The Hudson Valley Railway was formed in 1901 as the result of the consolidation of the Warren County Railway, Stillwater and Mechanicville Street Railway Company, Greenwich and Schuylerville Electric Railroad, Saratoga Traction Company, Saratoga Northern Railway, and the Glens Falls, Sandy Hill, and Ft. Edward Street Railroad Company. It provided trolley service to Warrensburg from January of 1902 through December of 1927. Addison Colvin was the first president and Thomas O'Connor, secretary. The trolley line paralleled Route 9 from Lake George (much still visible today), crossing the Schroon on a bridge adjacent to the plank road bridge and ran up the west side of Main Street to the terminus at Adirondack Avenue. A "Y" turnaround track ran adjacent to the New Adirondack Garage building. (Now parking for the building housing Warrensburg Laundry.) Electric power was provided by a company-owned generating plant on River Street utilizing the Woolen Mill dam. A yellow maintenance car was nicknamed "the Yellow Kid" after a popular cartoon character of the day in a strip called Hogan's Alley by Mickey Dugan. A 1923 timetable lists ten departures from Warrensburg daily to as far as Troy, Albany and Schenectady, with "additional service on weekends, as traffic demanded." The round-trip fare from Warrensburg to Schenectady was $3.00. As in much of America, the trolley line succumbed to competition from the automobile and buses.

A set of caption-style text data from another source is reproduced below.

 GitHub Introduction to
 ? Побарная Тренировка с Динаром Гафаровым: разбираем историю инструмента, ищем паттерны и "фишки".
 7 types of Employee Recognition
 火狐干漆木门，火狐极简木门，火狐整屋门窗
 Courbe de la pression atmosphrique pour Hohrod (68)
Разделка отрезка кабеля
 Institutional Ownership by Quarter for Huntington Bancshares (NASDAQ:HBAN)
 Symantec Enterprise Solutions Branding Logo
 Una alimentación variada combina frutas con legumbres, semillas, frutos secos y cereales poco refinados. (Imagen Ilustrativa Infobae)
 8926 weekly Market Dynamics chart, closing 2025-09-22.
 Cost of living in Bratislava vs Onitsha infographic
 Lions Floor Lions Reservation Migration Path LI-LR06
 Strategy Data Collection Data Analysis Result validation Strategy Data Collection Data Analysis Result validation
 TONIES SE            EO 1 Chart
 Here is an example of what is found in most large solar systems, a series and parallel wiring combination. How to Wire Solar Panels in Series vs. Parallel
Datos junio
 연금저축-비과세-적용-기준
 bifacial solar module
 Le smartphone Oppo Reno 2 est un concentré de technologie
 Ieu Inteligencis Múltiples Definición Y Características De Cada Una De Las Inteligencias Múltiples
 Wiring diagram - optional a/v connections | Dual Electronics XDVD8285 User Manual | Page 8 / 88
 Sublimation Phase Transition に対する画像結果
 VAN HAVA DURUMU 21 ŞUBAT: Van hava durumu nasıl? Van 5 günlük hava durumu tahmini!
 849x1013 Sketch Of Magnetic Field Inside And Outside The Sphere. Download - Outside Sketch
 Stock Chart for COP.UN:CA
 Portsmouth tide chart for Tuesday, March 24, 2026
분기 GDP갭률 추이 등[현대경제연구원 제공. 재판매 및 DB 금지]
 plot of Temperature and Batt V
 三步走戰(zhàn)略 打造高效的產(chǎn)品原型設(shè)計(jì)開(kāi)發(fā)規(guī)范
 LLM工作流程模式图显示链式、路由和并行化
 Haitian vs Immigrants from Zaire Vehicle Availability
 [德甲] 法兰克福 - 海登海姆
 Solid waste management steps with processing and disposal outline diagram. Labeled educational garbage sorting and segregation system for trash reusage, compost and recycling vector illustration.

Stage Coach Lines. There were four stage lines in and out of Warrensburgh. The Blue Line, owned by George T. Lockwood, connected Warrensburgh to Thurman Station. It took fifty-five minutes. The Glens Falls stage, owned by Roswell B. Kenyon took you to the Lake George Station in 90 minutes, where you could get a train connection to Glens Falls.
In 1895 Roswell B. Kenyon (1852-1921) abandoned his stage line between Warrensburg and Glens Falls and engaged with the Hudson Valley Railway Company to deliver freight and express matter for the trolley line in Warrensburg and surrounding area. In 1915 he purchased a two-ton Garford auto truck from the Adirondack Garage. He made two trips a day between Warrensburg and Glens Falls. Roswell was married to Rachael Cole.